Pinedale, Wy – Somewhere in the Basin ; 223km distance, 1,750m climbing, 10hrs 30mins moving time.
I did not sleep well. We forgot to turn on the air conditioning and we both woke coking in the heat and stench of the mid 30 something degree room. It was a prelude to what was to come today. We sat outside the gas station at Pineadle sweltering in the early morning heat. 7am and it’s already mid 30s. Fuck. It’s going to be a severely hot day. I chew down some food and chug some coffee. Bags repacked and time to go. Let’s start this. Great Basin day today.

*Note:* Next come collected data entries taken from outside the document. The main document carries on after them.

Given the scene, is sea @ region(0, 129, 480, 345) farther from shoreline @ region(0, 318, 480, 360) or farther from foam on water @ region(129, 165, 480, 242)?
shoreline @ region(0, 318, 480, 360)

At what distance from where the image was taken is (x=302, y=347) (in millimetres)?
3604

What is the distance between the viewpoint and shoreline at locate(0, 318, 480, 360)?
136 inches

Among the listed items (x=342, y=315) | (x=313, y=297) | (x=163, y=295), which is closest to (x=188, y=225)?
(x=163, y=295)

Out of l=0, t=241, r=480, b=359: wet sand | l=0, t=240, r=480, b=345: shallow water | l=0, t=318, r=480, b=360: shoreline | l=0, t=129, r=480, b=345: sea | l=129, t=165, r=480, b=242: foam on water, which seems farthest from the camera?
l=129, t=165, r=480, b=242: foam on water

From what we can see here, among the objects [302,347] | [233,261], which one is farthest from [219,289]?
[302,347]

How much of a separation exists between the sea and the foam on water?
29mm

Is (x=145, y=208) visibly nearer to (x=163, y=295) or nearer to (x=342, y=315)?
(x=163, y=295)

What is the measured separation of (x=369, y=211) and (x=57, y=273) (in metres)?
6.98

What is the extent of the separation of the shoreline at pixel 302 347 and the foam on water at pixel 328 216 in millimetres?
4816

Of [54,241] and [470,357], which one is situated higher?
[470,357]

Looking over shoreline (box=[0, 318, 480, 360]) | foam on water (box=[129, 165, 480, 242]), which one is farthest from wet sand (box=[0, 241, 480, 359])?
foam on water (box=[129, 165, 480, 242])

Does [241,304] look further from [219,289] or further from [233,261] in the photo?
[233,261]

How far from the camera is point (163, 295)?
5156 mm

We roll out of Pinedale together with a cross tail wind coming from the right side. A quick GPS check and we realise in 10miles we’re going to get a tailwind. A tailwind in the Basin. Looks like we’ve rolled a double six today. I roll away from Bailey just after Boulder as my gears carry me faster than his single one. I know I’ll see him again at some stage. I’d not noticed, but we’d passed another rider at the gas station there. An hour or so later who should roll up but Justin. Smiles and greetings all round. Stoked to have caught us he’s been doing some big mile days and his body has been crisped to compensate for it. We start to cruise with the tailwind pushing us along. It’s getting warmer.
The Basin is like no other place. Featureless, but beautiful. Huge, yet feels like a macro moonscape. Big skies, bigger distances under tyre. It’s brutally amazing in how vast it is, how little shade there is, and how much it drains you. It’s pushing into the 40s as we naturally split after a pee break. I start to slow a little as I realise I need to conserve some water. I’ve got enough to get me through, but I’d not expected it to be this warm. I meet a man in a pickup who tops me up, I suggest if he spots any other riders to offer it to them too – I find out later he topped up 4 other riders ahead of me.

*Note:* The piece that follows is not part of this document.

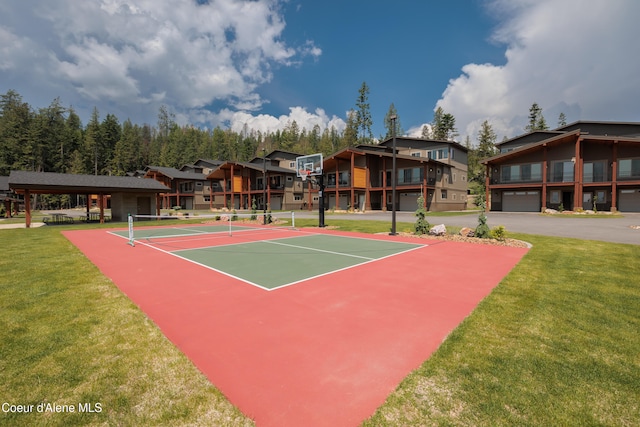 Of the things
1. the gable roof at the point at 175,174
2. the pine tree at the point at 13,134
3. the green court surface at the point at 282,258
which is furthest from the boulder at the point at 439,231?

A short break on the road as I meet the Trans Am. route climbing up to South Pass City – I stop in a ditch to take a crap, my body ejecting all weight in the heat. I feel better, dizzy, but better. Back to dirt and the trail goes through really old mining land before climbing and descending into Atlantic City (not a city). I cruise to the mercantile to find the guys eating – a huge burger after a salad for both. I order the same and a load of fluid. Time to cool down. Bailey tells me his GPS is showing it as 109F – around 43C.
Bottles filled I start to roll out again. No extra food on board as there was none in the shop. The mercantile closes at 7pm – it’s not open for the next 4 days. I pity the riders behind me. It’s going to be a long push with no food, let alone water. I push on back into the heat. It’s not gotten any colder.

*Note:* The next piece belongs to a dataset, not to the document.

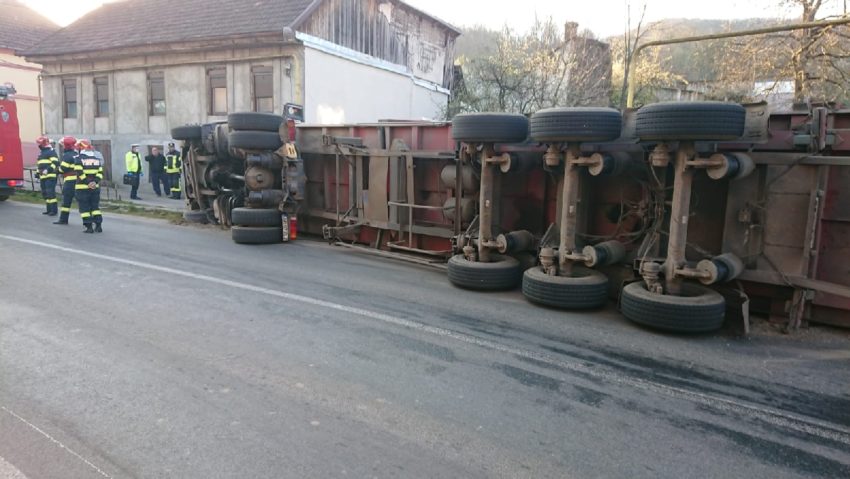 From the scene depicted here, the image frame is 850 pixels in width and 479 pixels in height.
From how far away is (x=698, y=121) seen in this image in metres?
4.86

Up and out we go, totally off the ACA route now, off to the new backcountry route to avoid Rawlins. Gravel turns to double track, to single track, to no track. The riding is tough, brutal at this time of the night and it’s not getting easier. I pass Billys Bonnet on the diversion and start to laugh to myself, if I crash out here I am in big trouble. I just get on with it until I can’t take it any more. 10pm, an early finish and my body is toast. I’d wanted more, but it wasn’t going to happen.
I bed down in the sage and spend time looking at the stars and the rising moon. There is no noise. No sound. No light pollution. Nothing. Utter solace. Finally.